MIPS Goes Multithreaded

Although most designers don’t often consider it, there are different formulas for best overall system performance from embedded and stand-alone processors, too. Even though there’s no governing league making and changing the racing regulations, parameters like total system cost, power consumption, memory bandwidth, silicon area, and process profile rule the day when choosing a processor for your system design. The tradeoffs that make the best mix of performance on standalone processors can be completely different than those that give the best results in an embedded processor core.

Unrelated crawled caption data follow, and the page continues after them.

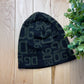 Dolce & Gabbana Black Monogram Logo Beanie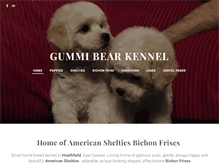 Tablet Screenshot of gummibearkennel.weebly.com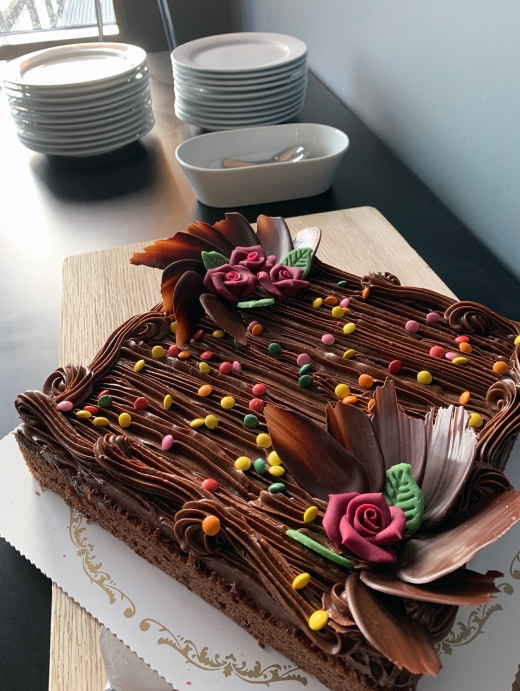 Sjokoladekake er aldri feil.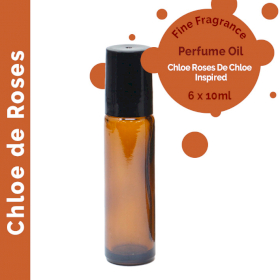 6x Jemný Vonný Parfémový Olej bez Etikety - Chloe de Roses 10ml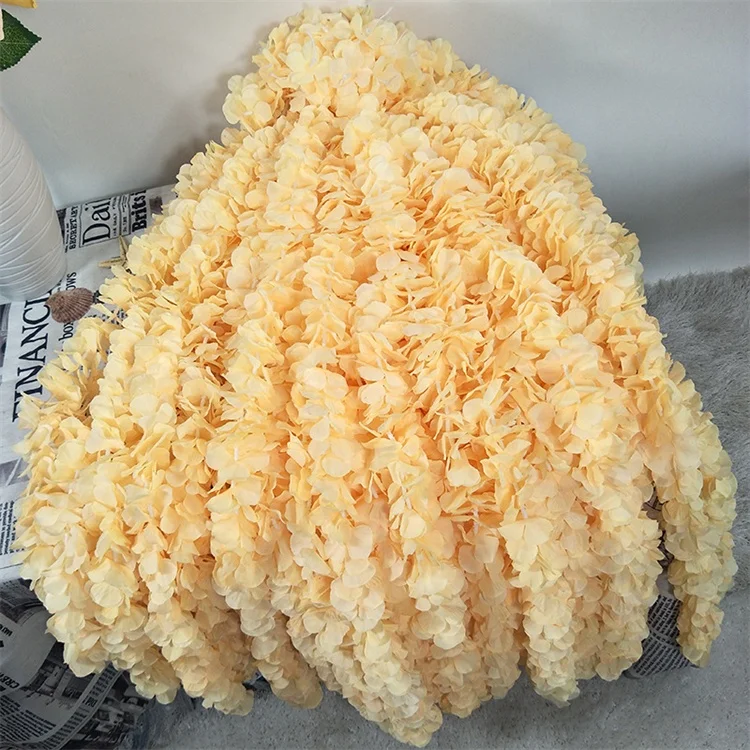 Low Price  U-3090 Artificial Silk Wisteria Hanging Flower String Vine Garland For Wedding  Decoration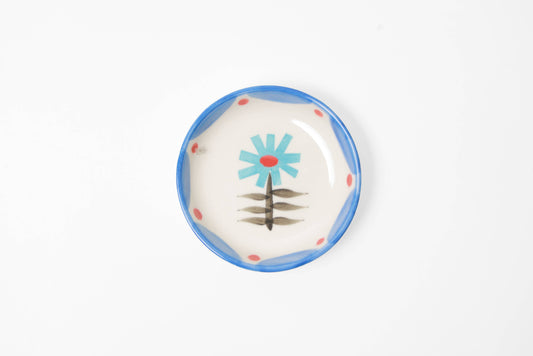 Small Flower Trinket Tray-Trinket Dish-Ceramic Tasting Bowl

When MIPS designed their new 34K core, which was announced this week, they clearly knew they were working under the usually unspoken embedded core racing formula. In an embedded core, cranking up the clock frequency runs up system cost and power consumption for your entire device, not just the processor portion. Heavily pipelined, superscalar, and very-long-instruction-word (VLIW) architectures directly consume more logic and are difficult to optimize, particularly in embedded applications. Multi-core methods are already implemented by default, simply because you’re dealing with embedded processors, but the licensing fees for multiple cores can run up the system cost tab again. Many of these solutions that work well are not well suited for the embedded core environment.

MIPS opted for a multi-threaded approach with the 34K, for seemingly sound reasons. Typically, an embedded core has a lot of down time waiting around for other parts of your embedded system to finish their jobs. Also typically, there is more than one embedded process needing attention at any given time. Of course, you can use an OS to handle process scheduling for you in software, but multithreading at the processor level can make much more efficient use of logic resources, leading to higher system throughput with lower cost and power consumption.

MIPS’s new 34K is based on their 24KE architecture. The 34K has a nine-stage pipeline “coupled with a small amount of hardware to handle the virtual processors, the thread contexts, and the quality of service (QoS) prioritization,” according to MIPS. Increasing system performance with multi-threading is all about optimizing the resource utilization in the execution pipeline. When one thread is stalled waiting for memory, hanging out and killing time, maybe listening to some tunes on its little sub-micron “iPod femto,” another thread can charge ahead, keeping the hardware busy. If the scheduling process is efficient, and if the processor can swap contexts with little or no overhead (this is key), significant performance gains can be made over a single-thread processor of the same architecture.

The 34K can be configured with up to five sets of thread context (TC) hardware. The TC hardware has a separate instruction buffer for each thread, with pre-fetching, a set of registers, and a program counter. This allows the 34K to switch between threads on a clock-by-clock basis, virtually eliminating context-swap overhead. Each TC shares some resources with other TCs within a larger structure called a “Virtual Processing Element” (VPE). A 34K core can be configured with up to two VPEs.

VPEs can be assigned to completely different environments, even running different operating systems, as the CP0 register used by OS kernels is shared between the TCs in a single VPE. This allows us to partition our application into sections that are completely disparate, but that use the same processor core. One might be a DSP- or quality of service (QoS)-critical application and another might be a user-time application running on a complex OS like Linux. The ability to share such disparate tasks on a single processor core saves system cost, power, and die area when compared with a multi-core solution.

The VPE concept could even allow two different embedded operating systems to be used in a single system and on a single 34K processor. One OS might handle user interface issues while the other managed hard-real-time processes such as digital signal processing. Each VPE would be managed differently, and each OS would work as if it were using its own dedicated processor. Based on your particular configuration options, you can configure a core to provide almost exactly the resources you need.

Speaking of QoS, the 34K comes with a QoS engine that interleaves instructions from multiple threads for maximum throughput. If some threads have specific QoS requirements, it can allocate specific dedicated processor time to those threads, assuring that loading on non-QoS-critical tasks doesn’t interfere. This ensures that QoS requirements are met, while maintaining maximum throughput overall. The VPE also assures that you don’t subject all of your threads to QoS restrictions just because some threads require them.

MIPS claims that the 34K shows an application speedup of 60% over their previous-generation 24KE core, with a 14% increase in die size. If you’re looking to improve your application performance in your system without adding another core, or if you want to consolidate a design that currently has multiple cores such as a DSP and a general-purpose processor, the 34K might be a very attractive option. The improved hardware utilization created by its multi-threaded architecture will save total system cost, improve power consumption, and reduce die area compared with just about any alternative solution. Who could argue with that?

Until someone comes along and changes the formula for embedded processors, MIPS seems to be onto something. Remember, the embedded processor race goes not to the swift, but to those who utilize the logic resources the most efficiently. As long as the formula calls for minimum system cost, lowest power consumption, maximum overall performance, and fastest time-to market, MIPS’s new 34K core is probably a safe bet.